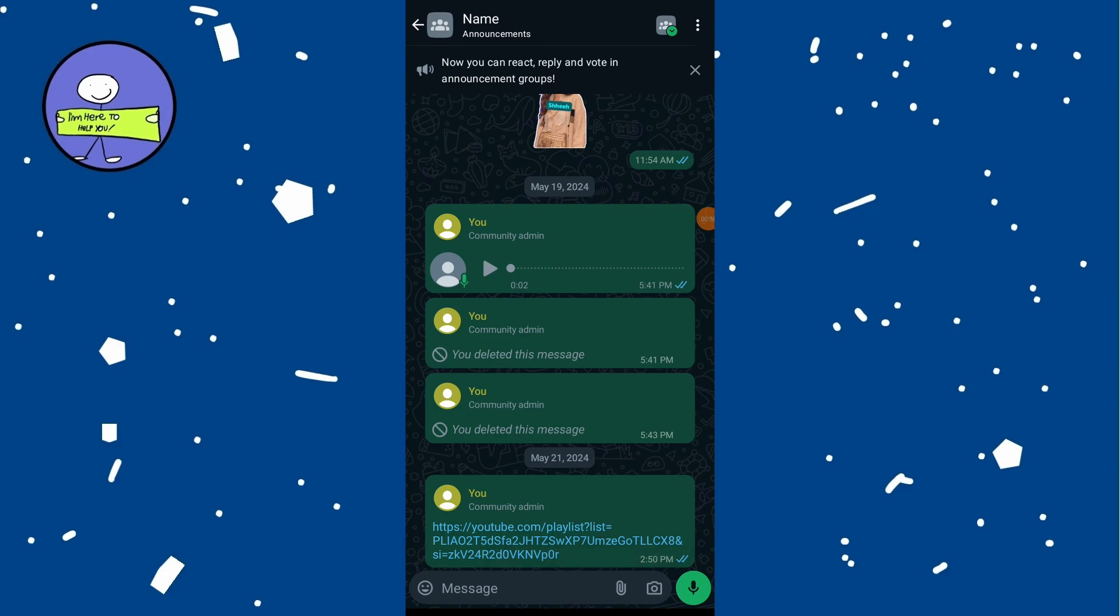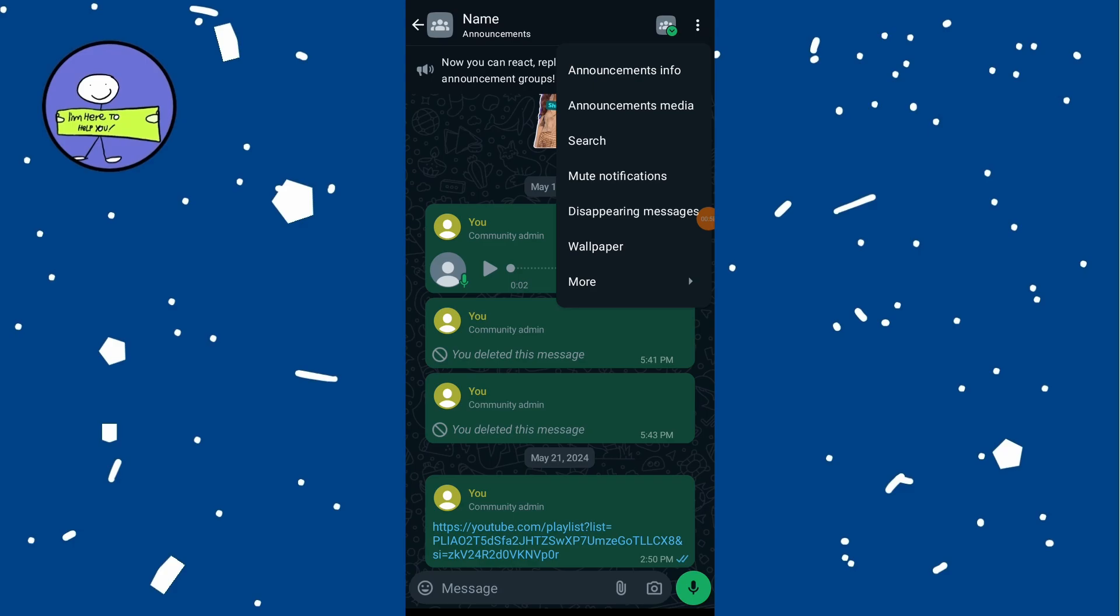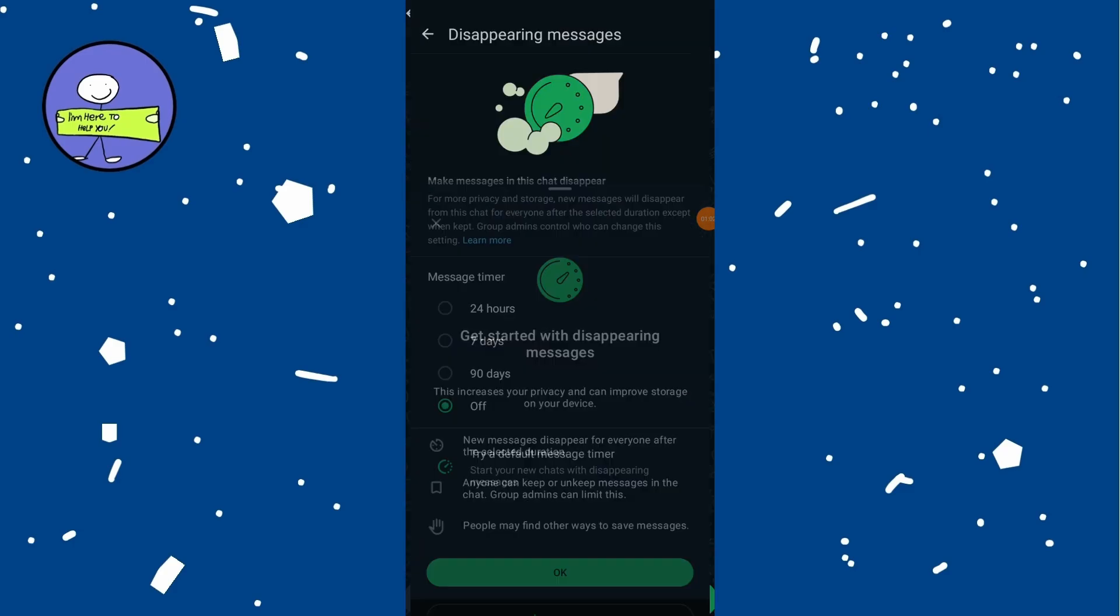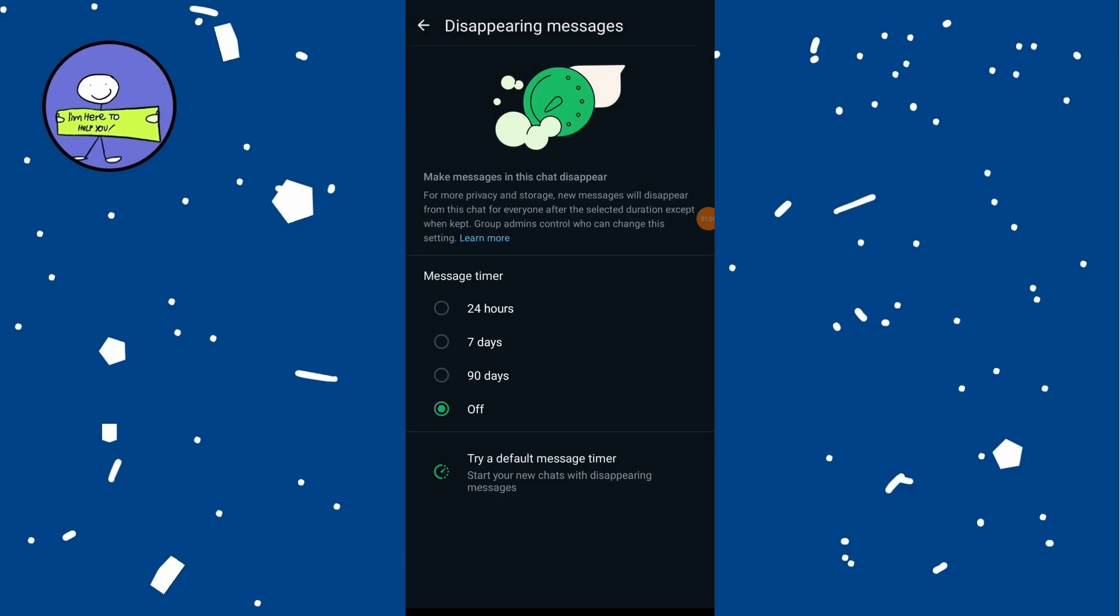Tap on the three dots in the top right corner of the screen and select disappearing messages. Choose the time for how long you want the messages to last before they disappear.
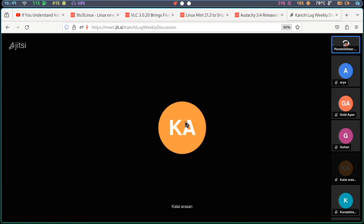If the user wants it, you can switch to Wayland. But this Wayland option is still at an early stage of development. There is no gift on the Mint side yet. That is the news on this.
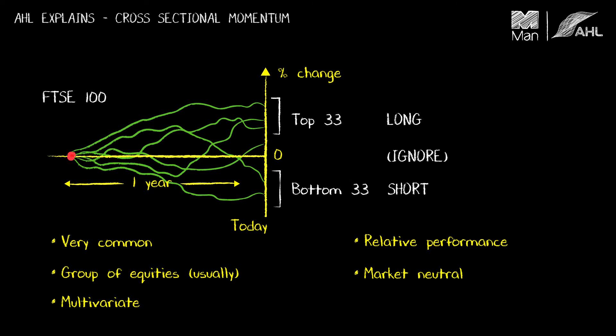Another difference between these two types of momentum system that we could mention here concerns the shape of their return distributions. Cross-sectional momentum shows negative skewness whereas time series momentum has a mildly positive skew.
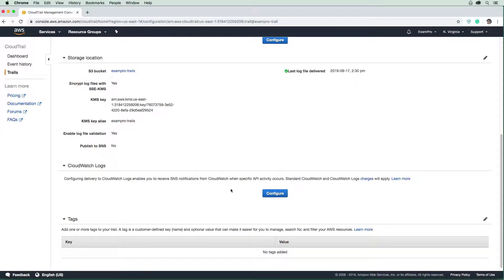So if you wanted to go ahead and do that, you can configure that and create an IAM role and send it to a log or CloudWatch log group.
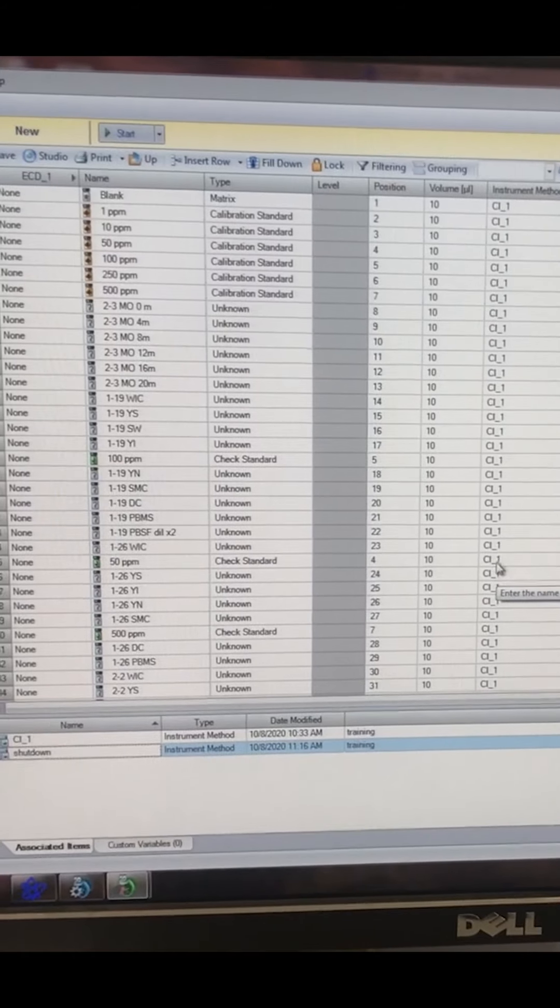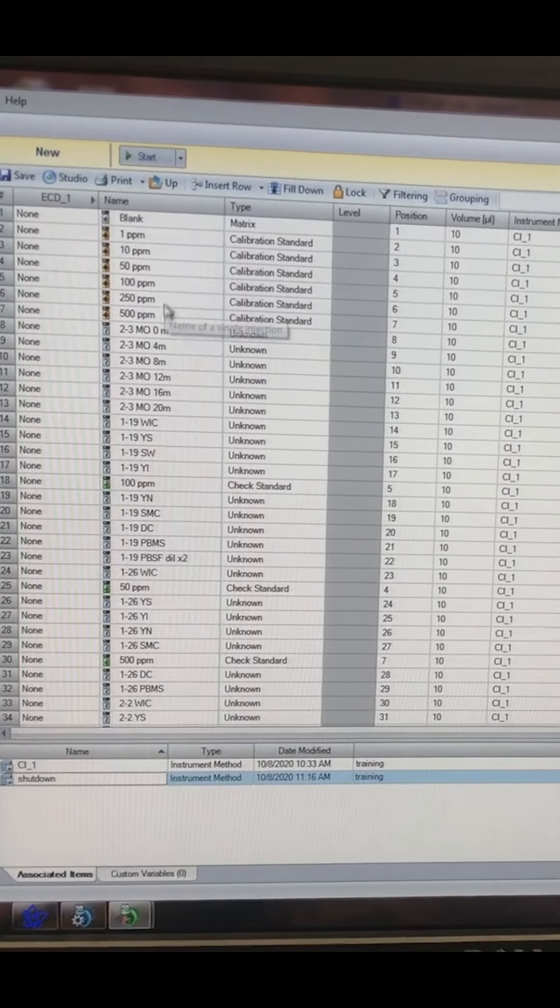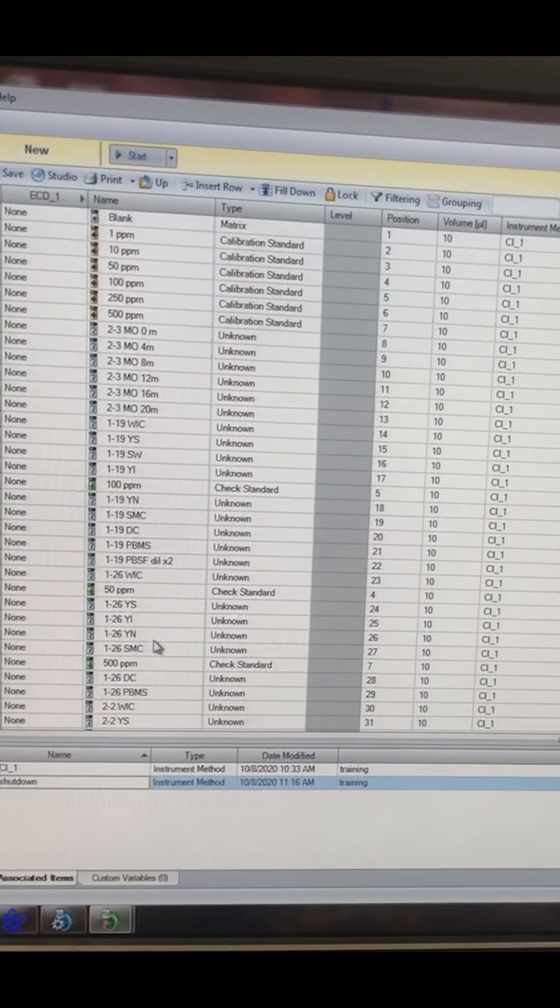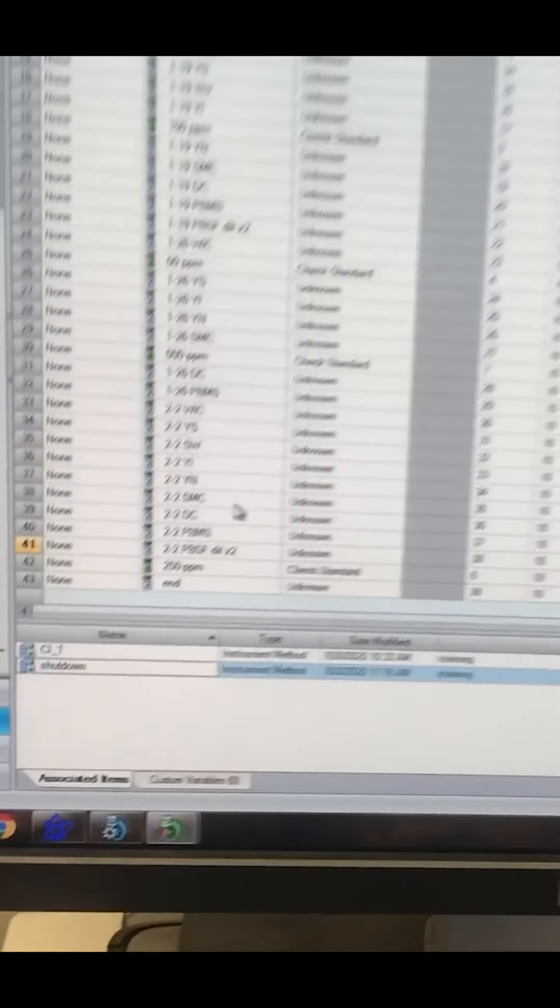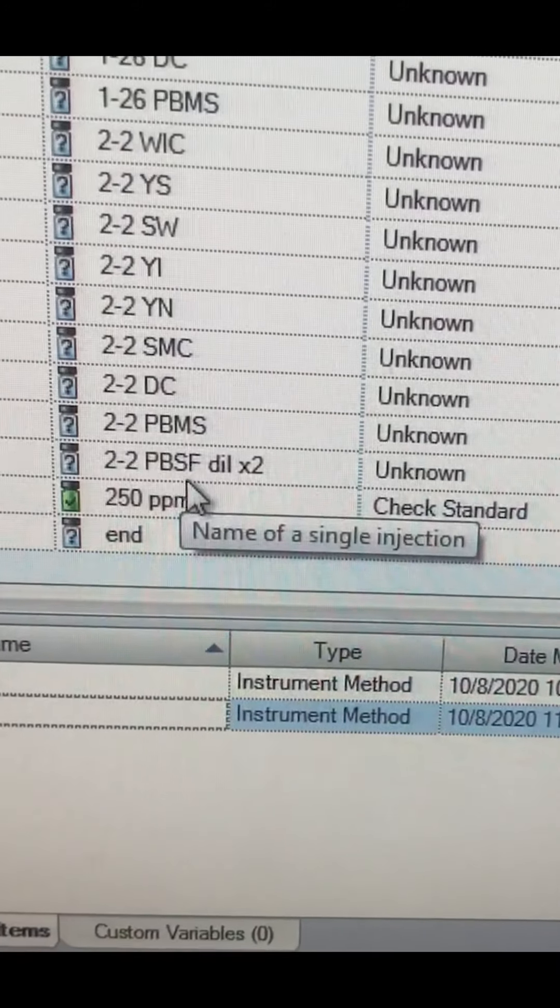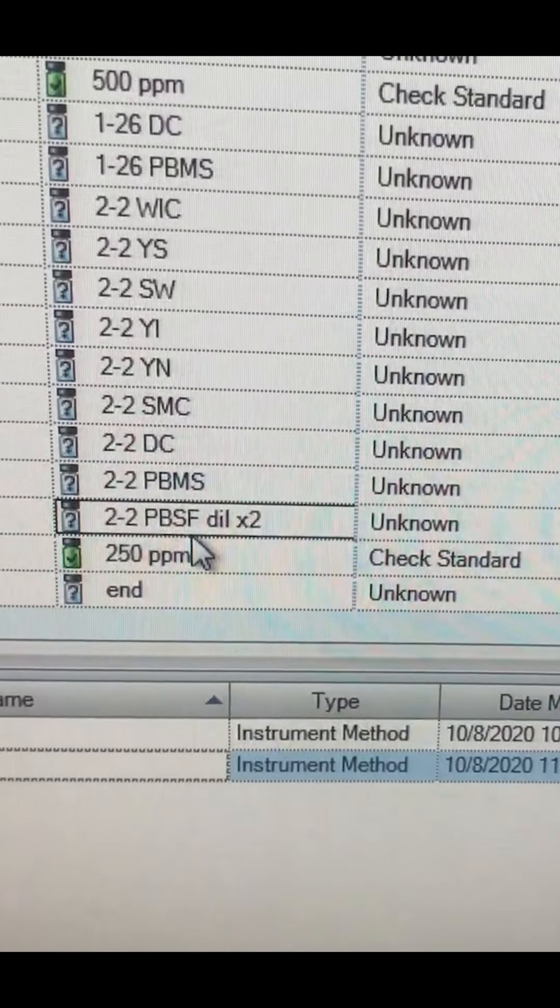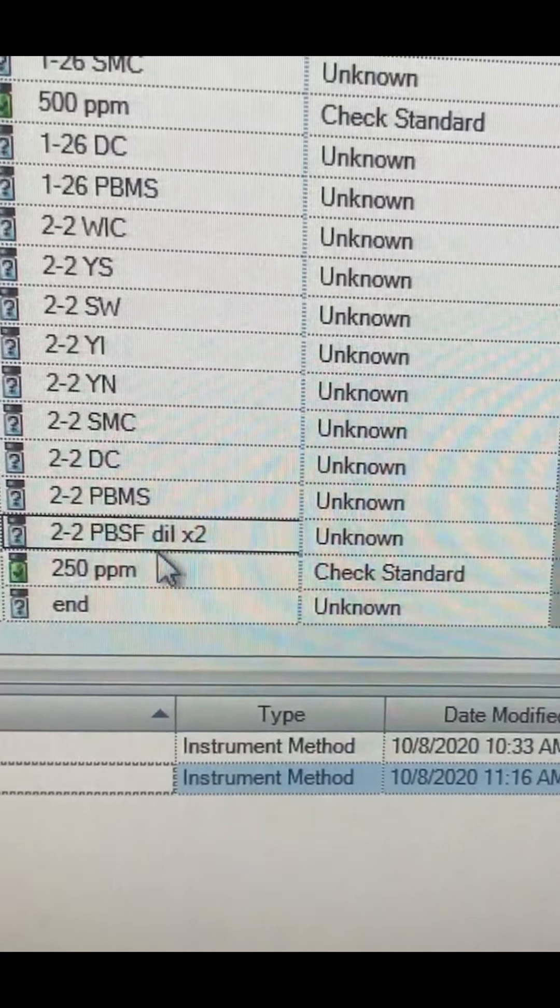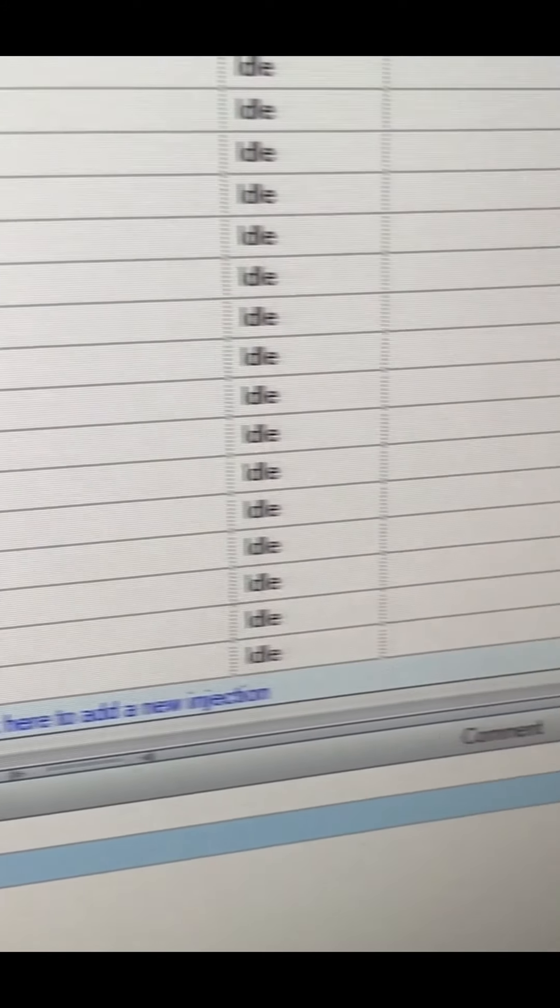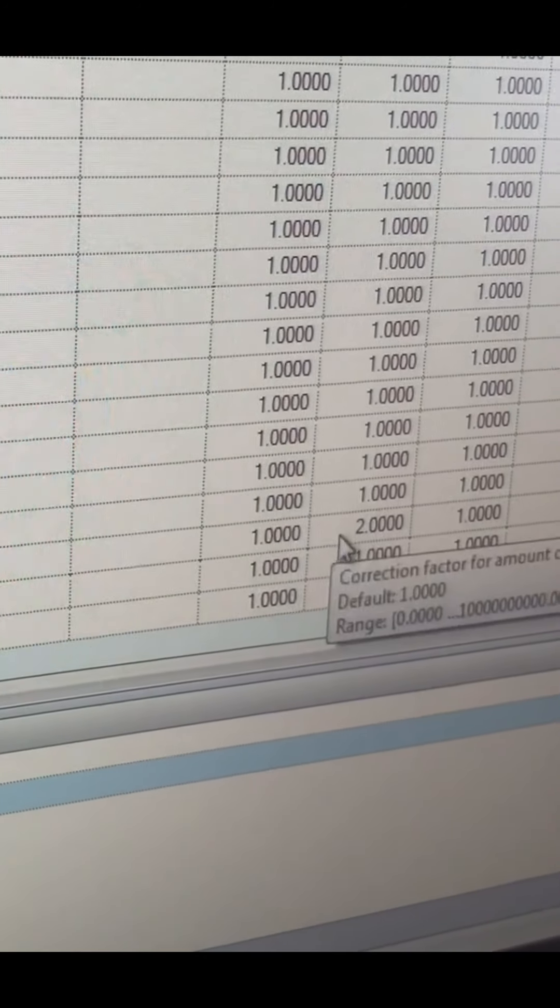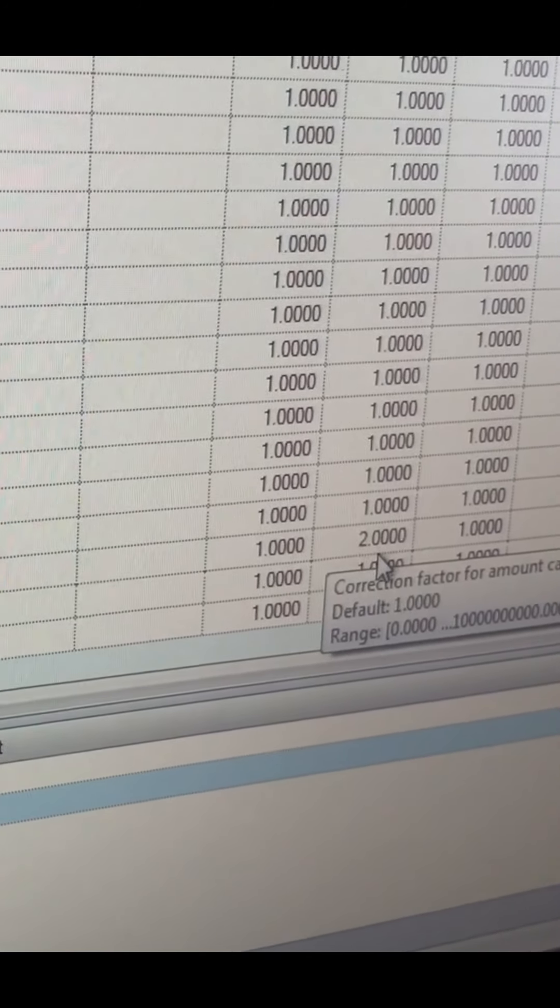This is a spreadsheet where I put in all the information for each sample. I have these little codes that I understand, so these are distinguishable to me. Right here is the one we collected from Pheasant Branch, and you can see I noted it's diluted two times. I can tell the machine that it's diluted so it knows to make that calculation automatically.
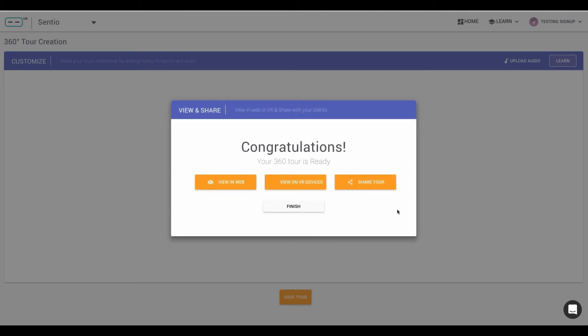And that's it. Your tour is now ready to be shared on web or on VR devices to your clients so that they can view and understand your experience.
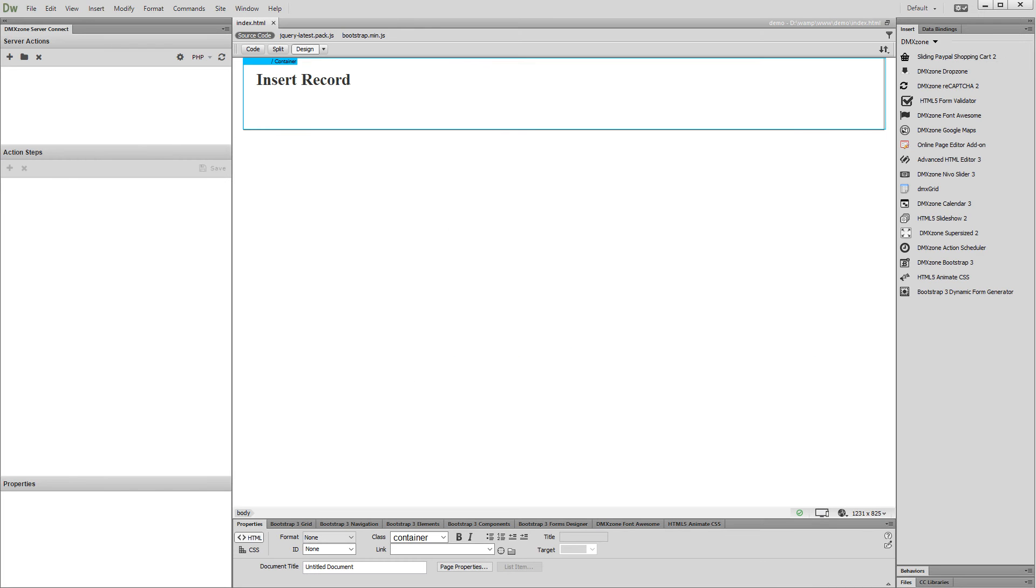Hi, with this movie we will show you how to auto-generate an insert record form using Bootstrap 3 Dynamic Forms Generator.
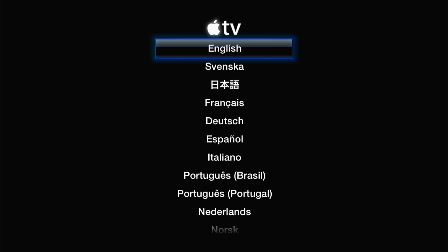After the reboot you have to select your language, connect to a network and you have a restored Apple TV.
:::
# ACTIVITY
Exact lines only, please. Repeat everything from the top of the records through the line containing "So if you wanted", both ends in and pictures out.

# TASK SOLUTION
Tap on the three dots in the top right corner of the screen and select disappearing messages. Choose the time for how long you want the messages to last before they disappear.
If the user wants it, you can switch to Wayland. But this Wayland option is still at an early stage of development. There is no gift on the Mint side yet. That is the news on this.
Another difference between these two types of momentum system that we could mention here concerns the shape of their return distributions. Cross-sectional momentum shows negative skewness whereas time series momentum has a mildly positive skew.
So if you wanted to go ahead and do that, you can configure that and create an IAM role and send it to a log or CloudWatch log group.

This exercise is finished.